最先端の物理学によれば、我々人類がこれまでに観測した自然現象のほぼ全てが「素粒子標準模型」と呼ばれる理論によって記述されることが知られています。この理論によれば、物質はクォークとレプトンと呼ばれる素粒子から作られており、これらの粒子はゲージ粒子と呼ばれる素粒子をキャッチボールすることで相互作用します。また、最先端の素粒子物理学ではクォークやレプトンすらもさらに細かい構成要素に分解できる可能性を探究しています。

 

素粒子物理学は、ここ100年ほどの間に目覚ましく進展した学問分野です。

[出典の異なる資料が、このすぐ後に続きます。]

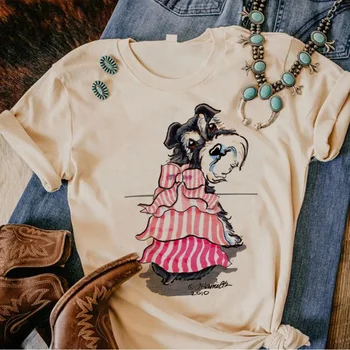 Женская футболка с рисунком шнауцера, уличная одежда в стиле манга, забавная одежда японского дизайнера для девочек
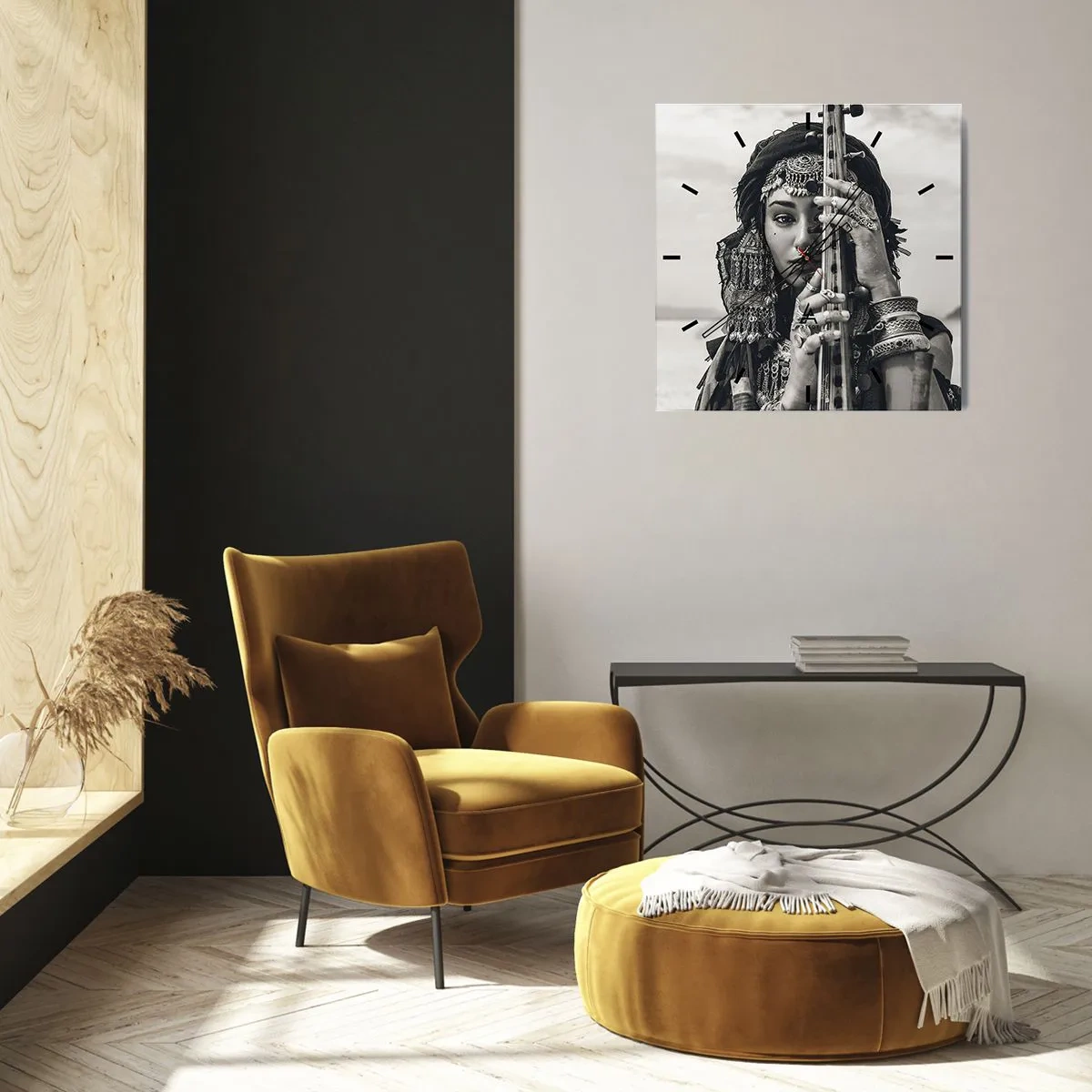 Wanduhr - Glasuhr - Porträt einer Frau mit ethnischem Schmuck, die ein Instrument in der Hand hält - 30x30cm - Die Musik des Orients selbst - Moderne Wanddekoration für Wohnzimmer und Schlafzimmer ARTTOR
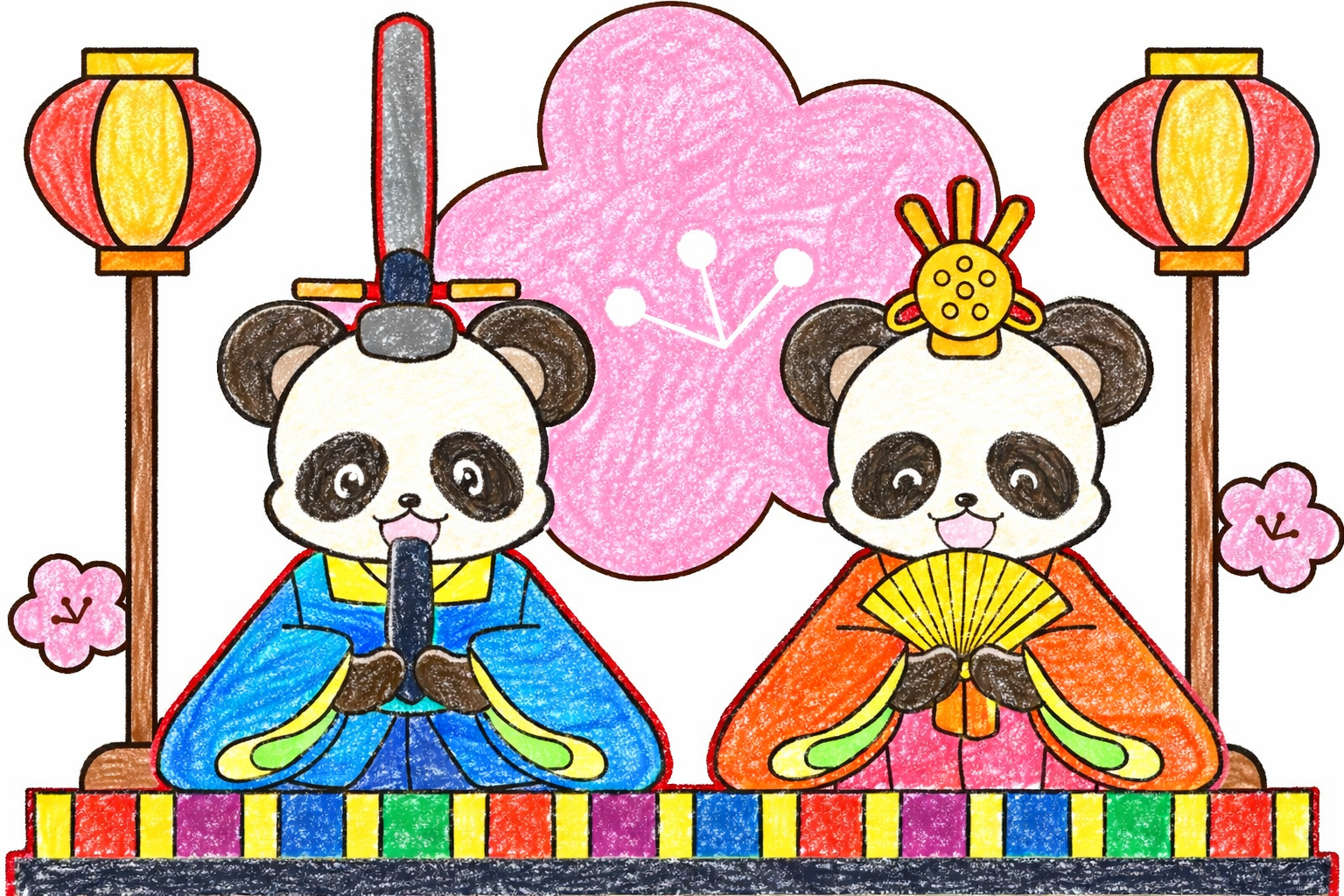 パンダのひな祭り塗り絵見本。はっきりとした色使いの元気なクレヨン画風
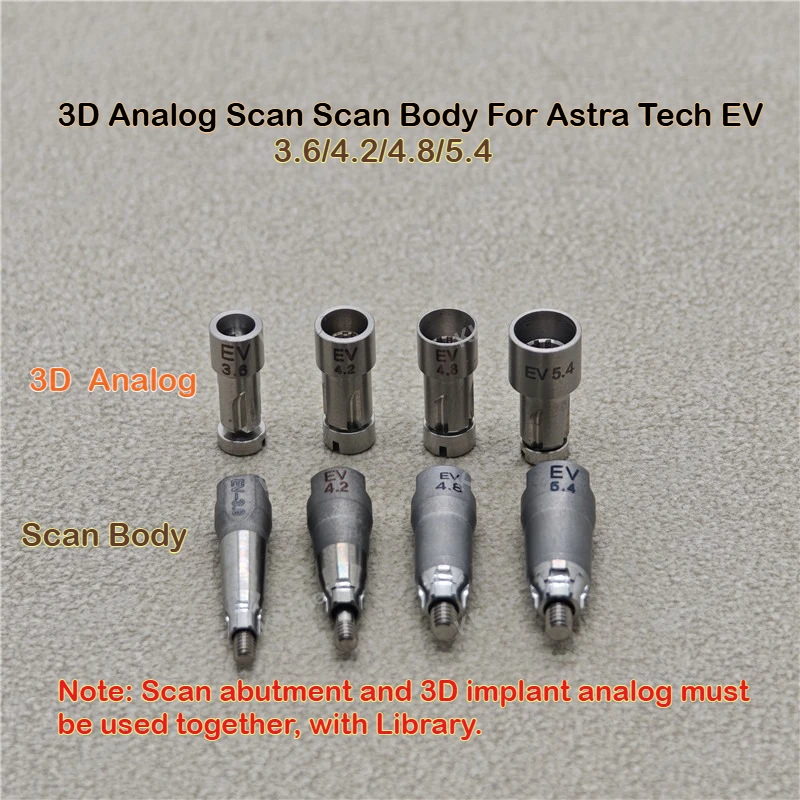 2Sets Dental 3D Implant Analog And Scan Abutment With Library For Astra Tech EV Dental Implant Accessories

そして、湯川秀樹の中間子論は素粒子物理が花開き、大きく発展する時期に決定的に重要な役割を果たしました。

 

以下では、湯川秀樹の生きた時代の物理学と、彼が中間子論に至る思索、そして中間子論が果たした歴史的役割を見ていきましょう。

 

20世紀初頭の物理学

まずはじめに、湯川が誕生した1907年当時の我々人類の物質観を振り返ってみましょう。

 

この時代に、上で紹介したような現代的な意味での素粒子の概念がなかったのは当然ですが、1900年頃にはそもそも、「物質は「粒」のような構成要素からできているのか?」という問いへの答えすら、科学者たちに一致した見解はなかったようです。

 

当時すでに、身の回りの物質が「元素」と呼ばれる構成要素から作られていることはよく知られていました。しかし、この時代にはまだ「粒子のような存在」としての元素は観測されていなかったため、そのような存在を認めようとしない科学者も多くいたようです。

 

しかし、それからわずか数十年の間にミクロの世界の理解は急速に進みます。元素が、「原子」と呼ばれる粒であることが判明し、そしてさらにはその内部構造すらも解明されます。またそれに伴い、ミクロの世界の法則を記述する理論も驚くべき発展を遂げていきます。湯川秀樹は、この素粒子物理の飛躍的な発展と共に成長し、多感な青年時代を迎え、その後の理論物理学に没頭する時期へと至ることになります。